# [WHAT YOU SHOULD DO]
Pull out of the data below the stretch of lines bounded by the one containing "HDBUBALUS Motorcycle CNC" and the one containing "Junmoney Dachshund Peeking", both bounds included, unchanged.

# [GIVEN INFORMATION]
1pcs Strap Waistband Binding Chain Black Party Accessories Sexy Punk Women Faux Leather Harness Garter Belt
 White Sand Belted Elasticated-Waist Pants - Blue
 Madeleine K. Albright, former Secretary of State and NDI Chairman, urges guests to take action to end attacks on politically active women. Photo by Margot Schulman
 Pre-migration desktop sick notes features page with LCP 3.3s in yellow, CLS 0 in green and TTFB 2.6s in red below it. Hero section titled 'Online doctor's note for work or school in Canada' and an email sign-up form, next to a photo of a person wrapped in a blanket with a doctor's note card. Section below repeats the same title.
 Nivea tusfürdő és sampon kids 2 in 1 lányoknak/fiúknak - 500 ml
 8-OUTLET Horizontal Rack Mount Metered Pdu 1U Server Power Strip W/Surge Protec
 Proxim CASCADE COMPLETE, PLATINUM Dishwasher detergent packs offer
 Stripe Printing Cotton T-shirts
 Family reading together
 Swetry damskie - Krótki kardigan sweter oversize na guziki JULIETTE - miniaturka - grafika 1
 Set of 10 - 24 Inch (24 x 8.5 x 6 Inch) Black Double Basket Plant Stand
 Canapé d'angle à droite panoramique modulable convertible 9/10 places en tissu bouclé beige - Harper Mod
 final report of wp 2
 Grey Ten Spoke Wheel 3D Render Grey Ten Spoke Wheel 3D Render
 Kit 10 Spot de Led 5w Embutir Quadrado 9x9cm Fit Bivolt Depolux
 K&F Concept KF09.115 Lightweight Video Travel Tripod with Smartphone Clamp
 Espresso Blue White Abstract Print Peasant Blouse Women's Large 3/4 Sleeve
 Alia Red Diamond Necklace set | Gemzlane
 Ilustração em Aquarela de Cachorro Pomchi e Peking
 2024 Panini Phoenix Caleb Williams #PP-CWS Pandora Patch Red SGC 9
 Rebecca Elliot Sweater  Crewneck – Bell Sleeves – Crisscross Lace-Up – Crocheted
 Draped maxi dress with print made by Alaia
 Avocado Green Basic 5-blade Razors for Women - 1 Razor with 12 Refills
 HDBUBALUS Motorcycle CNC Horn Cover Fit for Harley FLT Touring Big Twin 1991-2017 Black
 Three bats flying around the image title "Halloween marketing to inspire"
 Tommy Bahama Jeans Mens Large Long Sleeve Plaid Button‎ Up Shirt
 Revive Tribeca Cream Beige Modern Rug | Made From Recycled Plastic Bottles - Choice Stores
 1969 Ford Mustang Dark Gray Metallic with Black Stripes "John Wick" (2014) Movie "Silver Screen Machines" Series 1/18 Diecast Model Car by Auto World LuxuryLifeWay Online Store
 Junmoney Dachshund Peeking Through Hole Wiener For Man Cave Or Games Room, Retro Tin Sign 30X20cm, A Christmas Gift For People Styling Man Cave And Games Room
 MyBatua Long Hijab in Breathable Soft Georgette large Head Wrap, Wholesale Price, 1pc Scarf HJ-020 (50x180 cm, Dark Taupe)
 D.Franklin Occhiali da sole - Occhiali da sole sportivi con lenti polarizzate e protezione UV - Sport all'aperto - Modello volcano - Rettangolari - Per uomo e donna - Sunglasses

# [SOLUTION]
 HDBUBALUS Motorcycle CNC Horn Cover Fit for Harley FLT Touring Big Twin 1991-2017 Black
 Three bats flying around the image title "Halloween marketing to inspire"
 Tommy Bahama Jeans Mens Large Long Sleeve Plaid Button‎ Up Shirt
 Revive Tribeca Cream Beige Modern Rug | Made From Recycled Plastic Bottles - Choice Stores
 1969 Ford Mustang Dark Gray Metallic with Black Stripes "John Wick" (2014) Movie "Silver Screen Machines" Series 1/18 Diecast Model Car by Auto World LuxuryLifeWay Online Store
 Junmoney Dachshund Peeking Through Hole Wiener For Man Cave Or Games Room, Retro Tin Sign 30X20cm, A Christmas Gift For People Styling Man Cave And Games Room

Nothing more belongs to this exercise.